By Billy Starr | August 5, 2006
Of all the lessons I've learned over the past 27 years of directing the Pan-Massachusetts Challenge, the most striking
is this: What people think will make them unhappy in fact makes them happy.
Take pain, discomfort, and inconvenience, for example. More than 4,300 cyclists who will bicycle up to 192 miles across
the Commonwealth today and tomorrow will suffer from burning quads, heat prostration, sore butts, and many other physical
maladies. They'll line up and wait to use public toilets. They'll sleep four to a dorm room with no air conditioning and little
ventilation, or in tents on a green. They'll arise at 4:30 a.m. for their first cup of coffee.
Why bother?
Participants in the Pan-Mass challenge come from 30 states and six countries to be part of something greater than themselves.
By raising money for cancer research with each mile they pedal, they will do something to lessen human suffering, even while
ensuring their own. In fact, it is this overcoming of physical challenges and hardships that brings the ultimate reward: the
satisfaction born of exhaustion.
Immediately after the first PMC in 1980, the feedback I received from the 36 cyclists who rode the 220 miles from Springfield
to Provincetown told me that I had tapped into something important. Although I had made about every mistake possible as an
event coordinator (everyone got lost and we ran out of food), those who rode felt they were a part of a greater cause. They
had become a part of a team working to raise money for the Jimmy Fund to aid cancer research and treatment.

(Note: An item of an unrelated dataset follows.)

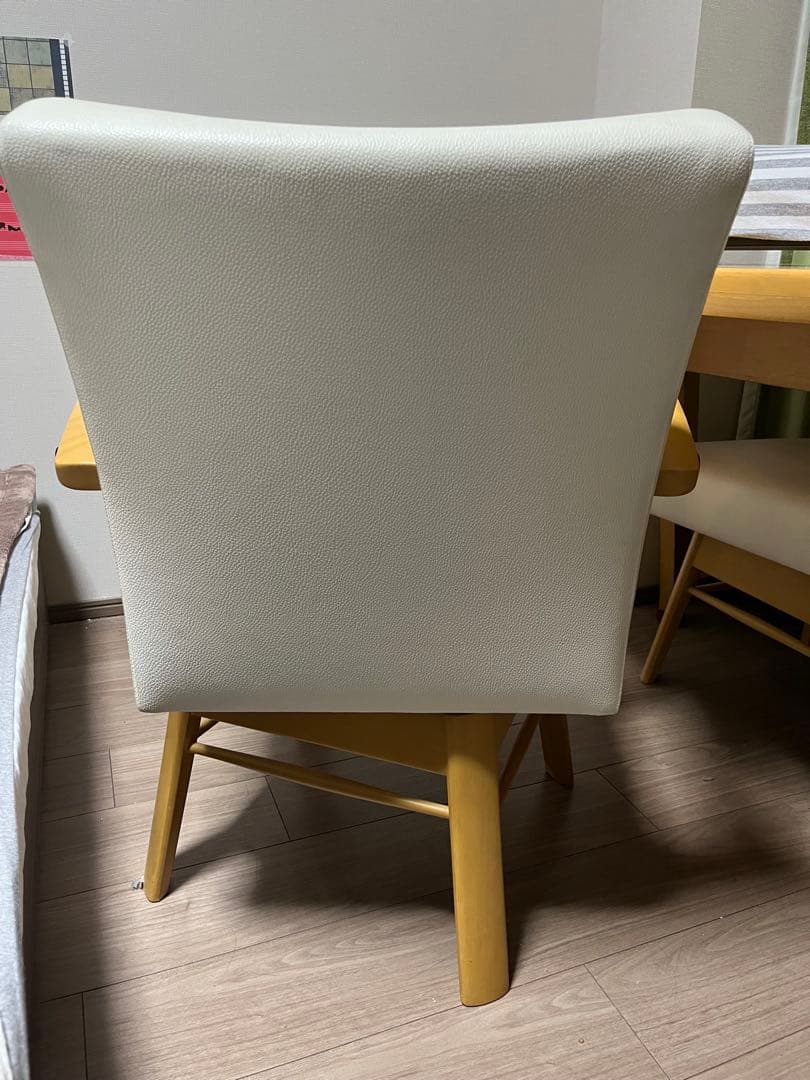 ダイニングテーブルと椅子4脚セット　ミキモク　肘付き回転チェア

Since then, athletic fund-raising has become a $1 billion industry and the PMC generates nearly 50 percent of the Jimmy
Fund's annual budget. The reason for the industry's growth is that the PMC -- and every other well-intended, sweat-equity
event -- allows people the opportunity to see and work outside themselves. There are few, if any, occasions for 7,000 people
(cyclists and volunteers) to work together as one big cog in the wheel of progress.
Every athletic fund-raising event capitalizes on the essential decency of the human condition, and that, as human beings,
one of our greatest needs is to contribute. The PMC gives some people a physical way to deal with their grief over the loss
of loved ones. It gives others an active way to fight when friends and family are battling cancer.

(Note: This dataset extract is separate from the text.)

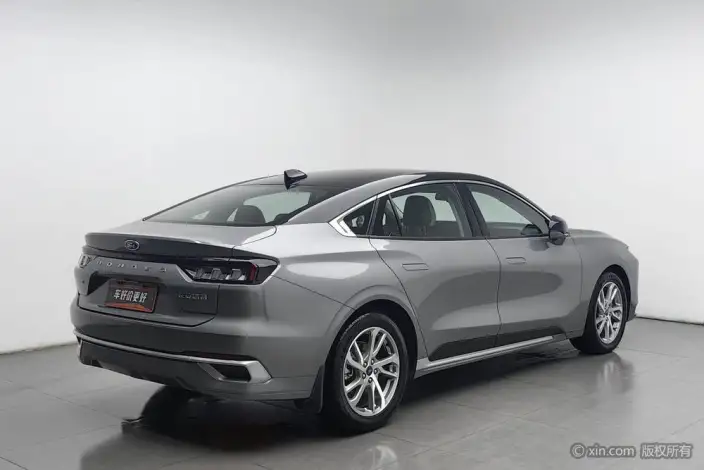 Ford Mondeo 2022 Model Facelift EcoBoost 245 Luxury Model – фото 3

It helps them understand that we are all -- by choice or default -- a part of a larger community.
In 2007, for the first time in decades, cancer research funded by the National Cancer Institute will stand still. With
inflation and rising costs, cancer research will receive less government funding, which makes the PMC, and other athletic
fund-raising events like it, not just a good idea, but critically necessary.
One in 3 of us can expect to be afflicted with cancer. One thing we can all count on is that PMC cyclists will be on
the roads the first weekend of every August riding for all of us, rain or shine.